After a bullish start in Q1 this year, DOGE touched its two-year high on 28 March. However, the bears entered the market near the $0.22 level and have claimed a rather long-term edge since.

The memecoin struggled to uphold crucial support levels over the next few months as it found a trading range between $0.128-$0.174 range. Over the last four months, DOGE has lost around 41% of its value amid this bearish pressure.

In the meantime, the altcoin formed a classic descending channel structure (white) on its daily chart. After testing the $0.174 resistance multiple times, DOGE’s bears provoked a steep downtrend, one that pulled Dogecoin below the crucial $0.128 support level.

As a result, DOGE saw a sustained close below its 200-day EMA after nearly 7 months. Nonetheless, the $0.104 support level set the stage for bulls to recoup and provoke a patterned breakout in the last few weeks.

This breakout helped the memecoin ease the selling pressure in the short term, as it jumped above 20, 50, and 200-day EMAs.
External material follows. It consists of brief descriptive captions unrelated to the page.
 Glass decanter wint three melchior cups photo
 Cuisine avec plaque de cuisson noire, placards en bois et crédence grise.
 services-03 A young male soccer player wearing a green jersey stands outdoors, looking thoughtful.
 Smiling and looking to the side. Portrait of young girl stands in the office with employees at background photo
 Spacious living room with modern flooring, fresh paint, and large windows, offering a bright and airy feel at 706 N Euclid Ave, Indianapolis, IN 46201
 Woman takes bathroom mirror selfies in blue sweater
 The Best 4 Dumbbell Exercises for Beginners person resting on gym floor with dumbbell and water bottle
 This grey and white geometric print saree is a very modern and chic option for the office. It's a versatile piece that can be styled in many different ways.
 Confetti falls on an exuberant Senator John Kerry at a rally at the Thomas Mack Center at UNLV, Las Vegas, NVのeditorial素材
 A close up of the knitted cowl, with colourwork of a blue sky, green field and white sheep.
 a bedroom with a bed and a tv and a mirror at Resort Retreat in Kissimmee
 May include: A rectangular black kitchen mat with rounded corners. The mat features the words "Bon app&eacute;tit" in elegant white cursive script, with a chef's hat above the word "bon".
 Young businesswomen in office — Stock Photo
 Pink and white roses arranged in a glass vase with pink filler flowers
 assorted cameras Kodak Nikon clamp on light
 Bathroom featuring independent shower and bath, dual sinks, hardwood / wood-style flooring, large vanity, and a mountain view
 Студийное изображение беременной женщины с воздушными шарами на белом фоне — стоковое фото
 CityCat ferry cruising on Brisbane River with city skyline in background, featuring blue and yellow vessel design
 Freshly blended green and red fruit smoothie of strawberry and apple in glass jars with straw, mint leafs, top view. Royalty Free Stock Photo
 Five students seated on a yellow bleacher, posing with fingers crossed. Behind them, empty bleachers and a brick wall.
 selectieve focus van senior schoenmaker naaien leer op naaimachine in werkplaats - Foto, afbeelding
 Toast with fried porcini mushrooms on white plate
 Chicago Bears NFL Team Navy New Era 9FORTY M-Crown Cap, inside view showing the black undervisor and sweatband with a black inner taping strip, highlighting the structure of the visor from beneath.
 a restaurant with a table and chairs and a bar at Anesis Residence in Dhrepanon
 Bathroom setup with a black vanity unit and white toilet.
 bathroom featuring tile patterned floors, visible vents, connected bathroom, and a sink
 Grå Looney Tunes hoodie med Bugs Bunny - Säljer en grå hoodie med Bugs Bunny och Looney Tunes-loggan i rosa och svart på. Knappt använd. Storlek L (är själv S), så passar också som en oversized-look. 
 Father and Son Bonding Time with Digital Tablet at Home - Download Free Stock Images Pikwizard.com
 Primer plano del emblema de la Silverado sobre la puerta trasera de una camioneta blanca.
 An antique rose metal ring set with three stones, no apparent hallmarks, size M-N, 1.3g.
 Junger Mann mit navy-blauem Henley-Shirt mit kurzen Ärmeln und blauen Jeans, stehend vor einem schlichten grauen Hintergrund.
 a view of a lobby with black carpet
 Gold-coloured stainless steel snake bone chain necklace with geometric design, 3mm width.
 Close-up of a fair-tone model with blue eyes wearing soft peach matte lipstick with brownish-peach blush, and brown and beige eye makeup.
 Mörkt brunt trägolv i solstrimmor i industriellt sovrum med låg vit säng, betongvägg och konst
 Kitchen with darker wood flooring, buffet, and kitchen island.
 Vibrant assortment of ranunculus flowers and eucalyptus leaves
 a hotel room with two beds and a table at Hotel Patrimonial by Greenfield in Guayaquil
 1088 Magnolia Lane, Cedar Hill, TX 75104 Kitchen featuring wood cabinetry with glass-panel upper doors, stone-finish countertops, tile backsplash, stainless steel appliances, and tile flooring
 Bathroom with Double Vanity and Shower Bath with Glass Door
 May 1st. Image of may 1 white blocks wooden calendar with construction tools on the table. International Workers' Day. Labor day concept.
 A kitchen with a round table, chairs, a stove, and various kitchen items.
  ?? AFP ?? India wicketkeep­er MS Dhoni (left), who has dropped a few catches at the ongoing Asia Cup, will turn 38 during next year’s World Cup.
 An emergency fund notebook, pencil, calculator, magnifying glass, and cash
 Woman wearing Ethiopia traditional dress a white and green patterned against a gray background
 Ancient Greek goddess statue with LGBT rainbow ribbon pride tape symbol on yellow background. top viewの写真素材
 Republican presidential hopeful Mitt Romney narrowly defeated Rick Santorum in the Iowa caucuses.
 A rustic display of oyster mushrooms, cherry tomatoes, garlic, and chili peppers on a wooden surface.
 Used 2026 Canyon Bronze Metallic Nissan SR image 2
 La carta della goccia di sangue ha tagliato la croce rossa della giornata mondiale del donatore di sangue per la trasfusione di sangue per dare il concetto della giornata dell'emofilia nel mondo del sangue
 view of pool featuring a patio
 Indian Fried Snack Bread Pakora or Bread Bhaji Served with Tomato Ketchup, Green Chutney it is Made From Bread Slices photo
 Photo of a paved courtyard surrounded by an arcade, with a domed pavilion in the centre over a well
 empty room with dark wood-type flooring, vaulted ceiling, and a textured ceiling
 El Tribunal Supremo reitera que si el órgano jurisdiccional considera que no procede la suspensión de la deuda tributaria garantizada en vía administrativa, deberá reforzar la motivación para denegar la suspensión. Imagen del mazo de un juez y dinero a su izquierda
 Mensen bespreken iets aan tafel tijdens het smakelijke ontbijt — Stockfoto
This, after nearly 30% gains in two weeks.

This trajectory has now put DOGE at a crucial spot on its charts, especially as it eyes the $0.128 support that it recently found a close above. The 200-day EMA also stood near this level at press time.

So, a likely rebound from this support level can provoke a near-term rally and help DOGE retest the $0.16 zone in the coming days.